De la patate, malgré des mécaniques Roguelite trop timides
Le côté Roguelite, s’il est réussit dans la forme, est donc un peu léger dans le fond. Double Dragon Gaiden se récupère dans les mécaniques Beat’em all, le principal selon moi. Les fans de la licence retrouveront tout de suite leurs marques, avec des enchainement simples, des coups coups forts, faibles, spéciaux, l’utilisation d’armes, des prises, un saut (un peu lourd mais permettant une frappe bien utile). Bien entendu, le bestiaire exploite bien tout ça, jusque dans des boss parfois bien coriaces. Les véritables originalités, de ce côté, se situent dans le duo : on passe d’un personnage à l’autre, en ayant à l’esprit l’énergie du comparse mais aussi ses capacités. On a aussi les KO spéciaux, récompensant la bonne utilisation des attaques. Enfin, le cheminement se fait plus permissif, avec des moments où l’on prendra le temps d’explorer les environnements. Bon, on n’est pas non plus dans un jeu d’aventure, mais tout de même les joueurs sont récompensés. Enfin, il faut signaler la présence du multijoueur, passage incontournable au fun bien marqué.

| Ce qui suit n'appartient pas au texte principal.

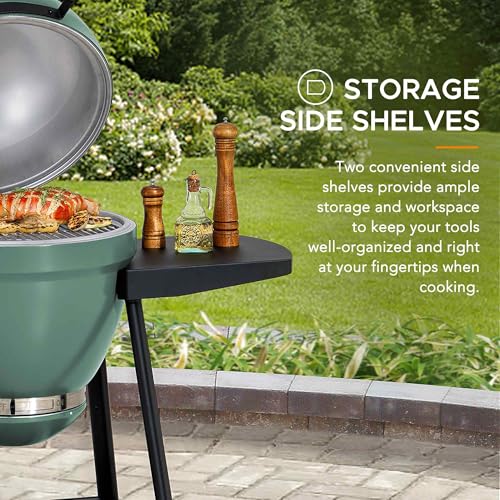 Charcoal Kamado Grill with Pizza Stone and Wheels Y970299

Je ne peux que vous conseiller de ne pas opter pour une difficulté trop basse, car cela diminuera drastiquement une durée de vie déjà pas folichonne. Un run de Double Dragon Gaiden peut se faire en moins de deux heures. Débloquer l’entièreté du contenu, venir à bout des défis, bref atteindre le 100% est faisable en sept heures. La seule rejouabilité se fait grâce au multijoueur. Techniquement, le résultat est solide : c’est fluide et je n’ai relevé aucun bug. Par contre, la direction artistique peut prendre à contrepied les attentes des fans de la licence. Celle-ci, jusqu’ici ancrée dans une sorte de réalisme évidemment surjoué, laisse place à un rendu plus mignon des personnages, et des décors hyper colorés. Ce n’est pas moche, loin de là, mais il me semble que ça retire une partie de la personnalité de la série. L’ambiance sonore, elle, est une grande qualité du titre, avec des musiques entrainantes et des bruitages percutants.